O processo de falência, se bem que respeite a uma situação de comercial, tem umas especiais características que o colocam também na categoria de «questão sobre o estado das pessoas» uma vez que da declaração da falência, nas condições acima indicadas, resulta a automática inibição do falido para a prática de inúmeros actos (exceptuados os de natureza estritamente pessoal).
A inibição para a prática de certos actos é, para todos os efeitos, uma modalidade mitigada, menos, de uma interdição, e ninguém põe em dúvida que uma acção destinada a, ou que tenha como efeito a declaração de uma interdição, é uma acção sobre o estado das pessoas.

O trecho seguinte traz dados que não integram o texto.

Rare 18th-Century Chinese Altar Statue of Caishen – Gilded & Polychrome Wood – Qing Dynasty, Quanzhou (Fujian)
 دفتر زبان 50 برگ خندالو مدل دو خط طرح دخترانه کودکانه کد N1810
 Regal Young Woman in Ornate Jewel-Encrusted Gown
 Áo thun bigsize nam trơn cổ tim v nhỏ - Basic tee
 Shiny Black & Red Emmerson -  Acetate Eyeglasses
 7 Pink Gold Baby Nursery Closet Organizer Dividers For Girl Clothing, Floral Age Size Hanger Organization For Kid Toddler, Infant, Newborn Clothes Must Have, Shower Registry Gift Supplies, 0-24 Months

A razão de ser do artigo 723.º é, parece-me, o acautelar em primeiro lugar, os interesses respeitantes ao estado das pessoas, considerados como superiores em relação aos interesses patrimoniais, mesmo dos credores.
E se, como entendo, o processo de falência, nesse aspecto, tem uma natureza de questão sobre o estado das pessoas, deveria prevalecer a regra do citado artigo 723.º, e ser resolvido definitivamente que a revista teria o apontado efeito suspensivo].
Declaração de voto
Os assentos - artigo 2.º do Código Civil - reconduzem-se a actos de natureza normativa, traduzindo verdadeiras normas jurídicas legislativas, revestidas de eficácia impositiva universal - cf. Castanheira Neves, o Instituto dos Assentos e a Função Jurídica dos Supremos Tribunais, pp. 292 e seguintes, e «Assento», in Polis, I, p. 419; Gomes Canotilho, Revista de Legislação e Jurisprudência, 124.º, p. 321. Daí que seja patente a sua inconstitucionalidade orgânica e formal, como decorre, sem margem para dúvidas, do disposto no artigo 115.º, n.os 1, 2 e 5, da Constituição da República Portuguesa. E o seu artigo 122.º, n.º 1, alínea g), refere-se tão-só à declaração de ilegalidade, com força obrigatória geral, dos regulamentos administrativos - artigo 66.º, n.º 1, da Lei de Processo nos Tribunais Administrativos. Não votei, em consequência, o presente assento. - Alberto Carlos Ferreira da Silva.